§ WORK TASK:
Answer with the exact lines of the following material from the one containing "A=p%2A%281%2Br%29%5En" through the one containing "McLaren F1 1993 3D Model o93009", both end lines included.

§ STORED DATA:
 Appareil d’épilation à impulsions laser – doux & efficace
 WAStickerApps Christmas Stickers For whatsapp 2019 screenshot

...

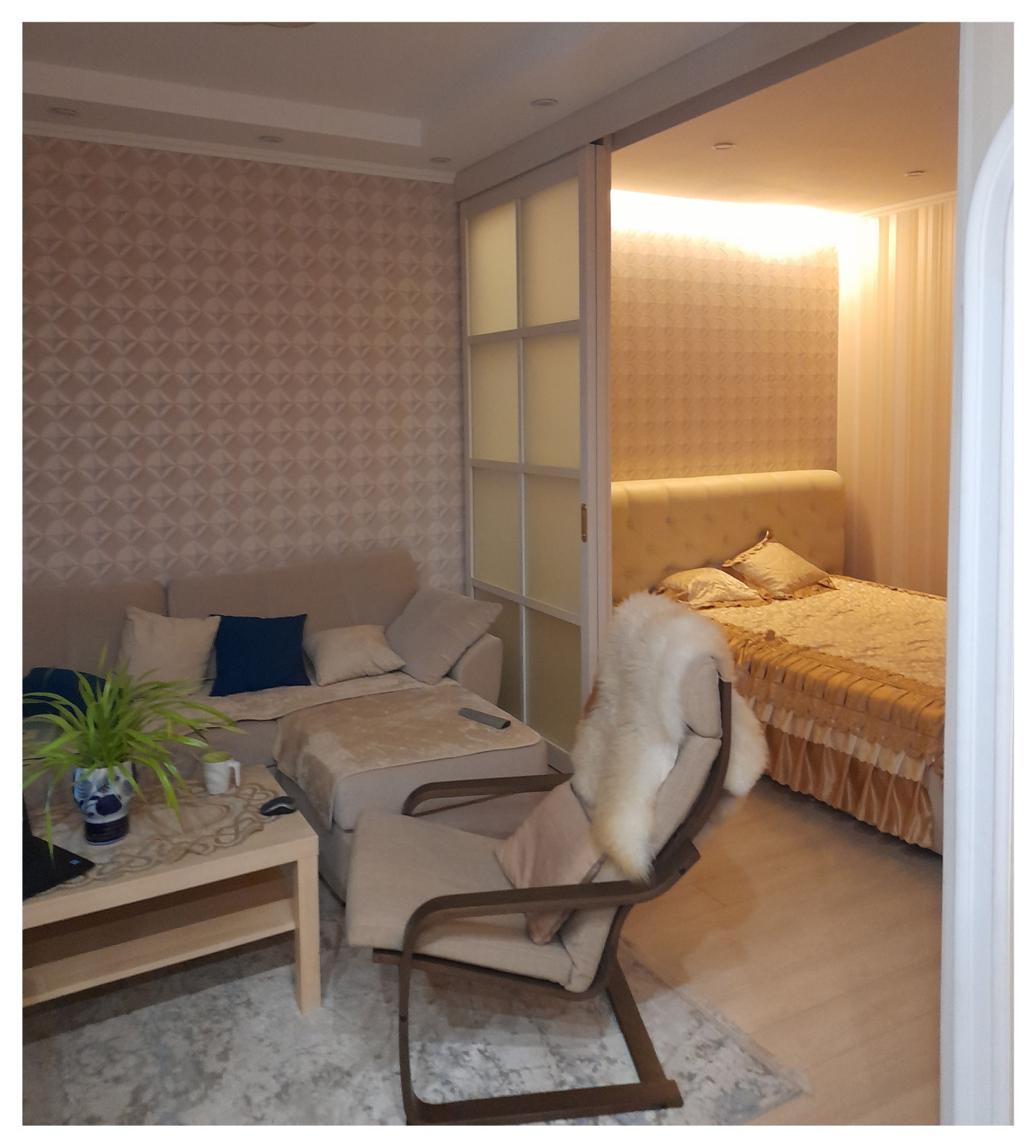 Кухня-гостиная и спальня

---

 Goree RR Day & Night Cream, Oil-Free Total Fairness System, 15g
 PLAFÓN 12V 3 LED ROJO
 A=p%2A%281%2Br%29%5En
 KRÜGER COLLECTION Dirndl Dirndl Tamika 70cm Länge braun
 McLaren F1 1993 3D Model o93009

§ ANSWER BOX:
 A=p%2A%281%2Br%29%5En
 KRÜGER COLLECTION Dirndl Dirndl Tamika 70cm Länge braun
 McLaren F1 1993 3D Model o93009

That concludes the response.